Avec en toile de fond des manchettes annonçant le meurtre de femmes et d’enfants par des conjoints violents, la publication des résultats de l’Enquête sociale générale (ESG) de 1999 de Statistique Canada sur la violence conjugale a contribué à creuser l’écart entre la réalité sur la violence à l’endroit de l’épouse, que les femmes et les travailleuses et travailleurs de première ligne connaissent directement, et les mythes populaires qui se répandent dans la société au sujet du comportement agressif et des tendances à la violence des femmes. L’Enquête sociale générale sur la violence conjugale a été rendue publique dans le contexte de la publication annuelle, par Statistique Canada, de La violence familiale au Canada : un profil statistique, 2000. Déjà, des journalistes et des défenseurs des droits des hommes utilisent ces résultats pour appuyer leurs allégations au sujet de la violence des femmes. Le danger, c’est que les décisionnaires prennent les résultats de l’enquête au pied de la lettre pour justifier de nouvelles réductions aux ressources déjà limitées consenties aux centres d’aide aux victimes d’agression sexuelle, refuges et services offerts aux femmes battues.

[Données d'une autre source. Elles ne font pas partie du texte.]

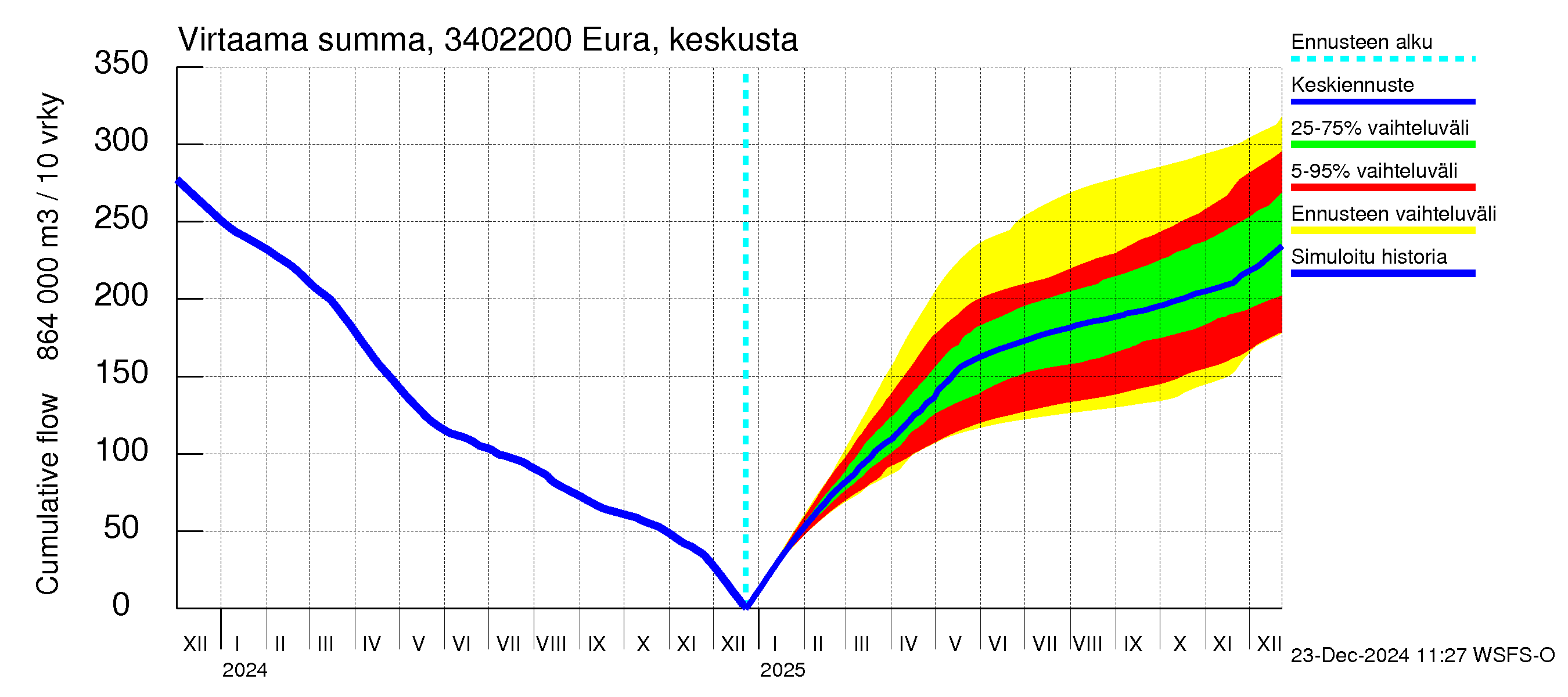 Eurajoen vesistöalue - Eura keskusta: Virtaama / juoksutus - summa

Des conclusions étonnantes

Dans un pays où pour chaque conjoint tué, 3,4 conjointes subissent le même sort (Locke, 2000), où des statistiques antérieures révèlent que 98 p. 100 des agressions sexuelles et 86 p. 100 des crimes violents sont commis par des hommes (Johnson, 1996), que les femmes représentent 98 p. 100 des victimes de violence conjugale sous forme d’agression sexuelle, d’enlèvement ou de prise d’otage (Fitzgerald, 1999), et où 80 p. 100 des victimes de harcèlement criminel sont des femmes alors que 90 p. 100 des personnes accusées sont des hommes (Kong, 1996), les conclusions de l’ESG sont étonnantes. Les conclusions de l’ESG révèlent que les taux de violence conjugale chez les femmes et les hommes ne sont que légèrement différents - de 8 p. 100 pour les femmes et 7 p. 100 pour les hommes mariés ou en union libre au cours des cinq années antérieures, et de 4 p. 100 tant pour les femmes et les hommes dans leur relation actuelle. En surface, ces conclusions suggèrent que les femmes et les hommes sont aussi violents, ce qui alimente le ressac à l’égard des expériences et observations des travailleuses et des travailleurs de première ligne, des universitaires et des décisionnaires qui insistent depuis longtemps sur le caractère prédominant de la violence des hommes.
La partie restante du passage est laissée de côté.